In the records below, begin at the line that has "Holiday Inn Express" and stop after the line that has "Outdoor Pictures 8"; quote those lines verbatim and nothing more.

Records for the task: Begin

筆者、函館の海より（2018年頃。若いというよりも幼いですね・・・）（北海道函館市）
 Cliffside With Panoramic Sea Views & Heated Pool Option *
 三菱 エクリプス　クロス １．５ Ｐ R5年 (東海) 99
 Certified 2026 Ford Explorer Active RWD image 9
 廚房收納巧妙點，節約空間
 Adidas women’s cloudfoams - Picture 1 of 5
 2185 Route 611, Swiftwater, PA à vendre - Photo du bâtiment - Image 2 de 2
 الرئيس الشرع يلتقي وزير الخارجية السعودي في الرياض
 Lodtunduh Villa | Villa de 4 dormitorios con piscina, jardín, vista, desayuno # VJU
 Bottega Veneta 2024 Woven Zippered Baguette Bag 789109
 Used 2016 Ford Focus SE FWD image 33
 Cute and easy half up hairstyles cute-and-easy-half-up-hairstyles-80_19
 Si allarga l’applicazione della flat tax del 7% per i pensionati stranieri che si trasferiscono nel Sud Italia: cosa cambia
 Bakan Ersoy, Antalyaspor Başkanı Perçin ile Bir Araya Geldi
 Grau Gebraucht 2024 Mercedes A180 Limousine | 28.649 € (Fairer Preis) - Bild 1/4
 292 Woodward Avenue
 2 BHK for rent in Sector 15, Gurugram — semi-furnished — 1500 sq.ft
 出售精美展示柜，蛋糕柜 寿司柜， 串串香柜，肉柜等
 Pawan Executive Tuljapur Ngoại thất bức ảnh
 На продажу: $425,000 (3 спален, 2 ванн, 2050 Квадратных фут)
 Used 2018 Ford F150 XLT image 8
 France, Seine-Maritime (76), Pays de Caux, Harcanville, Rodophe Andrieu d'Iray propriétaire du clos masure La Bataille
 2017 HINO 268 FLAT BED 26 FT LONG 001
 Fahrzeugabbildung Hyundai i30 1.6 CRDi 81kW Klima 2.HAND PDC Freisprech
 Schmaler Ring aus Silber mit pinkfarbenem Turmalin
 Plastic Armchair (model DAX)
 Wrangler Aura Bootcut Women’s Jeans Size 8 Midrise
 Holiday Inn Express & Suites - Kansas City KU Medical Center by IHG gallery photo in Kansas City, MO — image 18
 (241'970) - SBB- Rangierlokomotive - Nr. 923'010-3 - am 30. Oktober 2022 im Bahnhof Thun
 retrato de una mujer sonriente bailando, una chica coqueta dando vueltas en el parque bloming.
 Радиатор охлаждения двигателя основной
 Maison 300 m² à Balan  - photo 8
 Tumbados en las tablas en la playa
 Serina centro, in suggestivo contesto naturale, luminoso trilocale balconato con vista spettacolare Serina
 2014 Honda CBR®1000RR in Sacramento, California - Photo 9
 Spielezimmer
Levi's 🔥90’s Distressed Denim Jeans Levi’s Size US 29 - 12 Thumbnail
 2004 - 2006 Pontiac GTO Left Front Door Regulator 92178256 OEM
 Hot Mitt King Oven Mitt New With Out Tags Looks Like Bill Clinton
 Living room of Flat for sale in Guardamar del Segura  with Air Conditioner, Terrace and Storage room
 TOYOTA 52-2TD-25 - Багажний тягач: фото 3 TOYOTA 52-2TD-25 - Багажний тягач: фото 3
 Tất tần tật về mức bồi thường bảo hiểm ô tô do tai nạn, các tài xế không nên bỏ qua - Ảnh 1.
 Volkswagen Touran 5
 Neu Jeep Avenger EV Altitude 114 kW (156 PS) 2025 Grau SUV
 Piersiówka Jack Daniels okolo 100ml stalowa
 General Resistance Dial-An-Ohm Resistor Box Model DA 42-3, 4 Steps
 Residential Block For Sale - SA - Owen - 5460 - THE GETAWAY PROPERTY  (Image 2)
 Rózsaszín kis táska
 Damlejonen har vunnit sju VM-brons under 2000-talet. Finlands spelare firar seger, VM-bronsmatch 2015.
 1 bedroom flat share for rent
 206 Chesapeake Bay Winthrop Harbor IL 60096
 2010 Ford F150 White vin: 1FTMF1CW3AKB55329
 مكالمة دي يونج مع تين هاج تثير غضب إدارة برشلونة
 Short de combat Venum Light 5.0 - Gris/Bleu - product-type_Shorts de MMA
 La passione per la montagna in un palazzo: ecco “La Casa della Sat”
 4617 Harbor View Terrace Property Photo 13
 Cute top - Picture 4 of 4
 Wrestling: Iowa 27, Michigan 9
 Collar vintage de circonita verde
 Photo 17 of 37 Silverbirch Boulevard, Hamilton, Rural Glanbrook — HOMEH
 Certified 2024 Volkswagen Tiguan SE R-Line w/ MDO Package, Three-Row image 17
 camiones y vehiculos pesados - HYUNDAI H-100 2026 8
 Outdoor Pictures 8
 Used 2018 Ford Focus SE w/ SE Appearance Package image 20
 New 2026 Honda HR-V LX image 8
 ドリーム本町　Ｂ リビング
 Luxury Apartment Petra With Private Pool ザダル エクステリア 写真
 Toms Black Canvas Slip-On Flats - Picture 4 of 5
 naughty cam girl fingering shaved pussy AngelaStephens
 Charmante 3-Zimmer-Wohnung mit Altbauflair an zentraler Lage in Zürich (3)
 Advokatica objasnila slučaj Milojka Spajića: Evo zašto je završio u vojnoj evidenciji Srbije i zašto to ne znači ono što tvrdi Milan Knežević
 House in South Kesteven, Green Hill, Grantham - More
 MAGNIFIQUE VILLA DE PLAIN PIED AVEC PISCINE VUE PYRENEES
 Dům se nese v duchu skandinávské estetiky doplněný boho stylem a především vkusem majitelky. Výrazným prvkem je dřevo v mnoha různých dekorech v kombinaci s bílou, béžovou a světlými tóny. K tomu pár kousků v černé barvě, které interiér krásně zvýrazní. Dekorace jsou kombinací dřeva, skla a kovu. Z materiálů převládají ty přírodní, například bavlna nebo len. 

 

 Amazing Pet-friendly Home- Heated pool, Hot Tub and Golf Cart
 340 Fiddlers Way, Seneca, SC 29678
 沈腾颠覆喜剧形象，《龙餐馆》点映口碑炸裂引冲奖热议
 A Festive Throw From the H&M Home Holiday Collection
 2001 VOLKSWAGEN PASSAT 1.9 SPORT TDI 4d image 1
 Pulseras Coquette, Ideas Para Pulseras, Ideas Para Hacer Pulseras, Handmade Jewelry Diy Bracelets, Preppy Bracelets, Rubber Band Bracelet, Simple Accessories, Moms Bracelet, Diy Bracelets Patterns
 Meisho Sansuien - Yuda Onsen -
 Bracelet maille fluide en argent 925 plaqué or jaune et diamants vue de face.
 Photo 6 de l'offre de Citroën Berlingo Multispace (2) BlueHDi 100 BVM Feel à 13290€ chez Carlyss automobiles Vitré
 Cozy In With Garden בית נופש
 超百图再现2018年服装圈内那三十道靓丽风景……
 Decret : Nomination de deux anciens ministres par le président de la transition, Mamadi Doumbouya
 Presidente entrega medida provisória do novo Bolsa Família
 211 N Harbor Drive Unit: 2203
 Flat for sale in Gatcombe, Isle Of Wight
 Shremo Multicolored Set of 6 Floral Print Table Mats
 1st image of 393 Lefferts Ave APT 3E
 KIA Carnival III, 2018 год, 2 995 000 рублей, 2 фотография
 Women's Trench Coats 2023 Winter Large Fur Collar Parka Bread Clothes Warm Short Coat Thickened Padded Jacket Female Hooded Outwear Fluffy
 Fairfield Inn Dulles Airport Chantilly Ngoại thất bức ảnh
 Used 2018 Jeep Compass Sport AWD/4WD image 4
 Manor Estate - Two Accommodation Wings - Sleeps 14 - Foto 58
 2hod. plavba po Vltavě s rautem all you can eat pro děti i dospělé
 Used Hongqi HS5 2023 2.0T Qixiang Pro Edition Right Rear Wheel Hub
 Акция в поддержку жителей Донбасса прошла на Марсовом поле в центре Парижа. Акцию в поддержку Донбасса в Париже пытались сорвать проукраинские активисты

Records for the task: End

• **Answer box**:
 Holiday Inn Express & Suites - Kansas City KU Medical Center by IHG gallery photo in Kansas City, MO — image 18
 (241'970) - SBB- Rangierlokomotive - Nr. 923'010-3 - am 30. Oktober 2022 im Bahnhof Thun
 retrato de una mujer sonriente bailando, una chica coqueta dando vueltas en el parque bloming.
 Радиатор охлаждения двигателя основной
 Maison 300 m² à Balan  - photo 8
 Tumbados en las tablas en la playa
 Serina centro, in suggestivo contesto naturale, luminoso trilocale balconato con vista spettacolare Serina
 2014 Honda CBR®1000RR in Sacramento, California - Photo 9
 Spielezimmer
Levi's 🔥90’s Distressed Denim Jeans Levi’s Size US 29 - 12 Thumbnail
 2004 - 2006 Pontiac GTO Left Front Door Regulator 92178256 OEM
 Hot Mitt King Oven Mitt New With Out Tags Looks Like Bill Clinton
 Living room of Flat for sale in Guardamar del Segura  with Air Conditioner, Terrace and Storage room
 TOYOTA 52-2TD-25 - Багажний тягач: фото 3 TOYOTA 52-2TD-25 - Багажний тягач: фото 3
 Tất tần tật về mức bồi thường bảo hiểm ô tô do tai nạn, các tài xế không nên bỏ qua - Ảnh 1.
 Volkswagen Touran 5
 Neu Jeep Avenger EV Altitude 114 kW (156 PS) 2025 Grau SUV
 Piersiówka Jack Daniels okolo 100ml stalowa
 General Resistance Dial-An-Ohm Resistor Box Model DA 42-3, 4 Steps
 Residential Block For Sale - SA - Owen - 5460 - THE GETAWAY PROPERTY  (Image 2)
 Rózsaszín kis táska
 Damlejonen har vunnit sju VM-brons under 2000-talet. Finlands spelare firar seger, VM-bronsmatch 2015.
 1 bedroom flat share for rent
 206 Chesapeake Bay Winthrop Harbor IL 60096
 2010 Ford F150 White vin: 1FTMF1CW3AKB55329
 مكالمة دي يونج مع تين هاج تثير غضب إدارة برشلونة
 Short de combat Venum Light 5.0 - Gris/Bleu - product-type_Shorts de MMA
 La passione per la montagna in un palazzo: ecco “La Casa della Sat”
 4617 Harbor View Terrace Property Photo 13
 Cute top - Picture 4 of 4
 Wrestling: Iowa 27, Michigan 9
 Collar vintage de circonita verde
 Photo 17 of 37 Silverbirch Boulevard, Hamilton, Rural Glanbrook — HOMEH
 Certified 2024 Volkswagen Tiguan SE R-Line w/ MDO Package, Three-Row image 17
 camiones y vehiculos pesados - HYUNDAI H-100 2026 8
 Outdoor Pictures 8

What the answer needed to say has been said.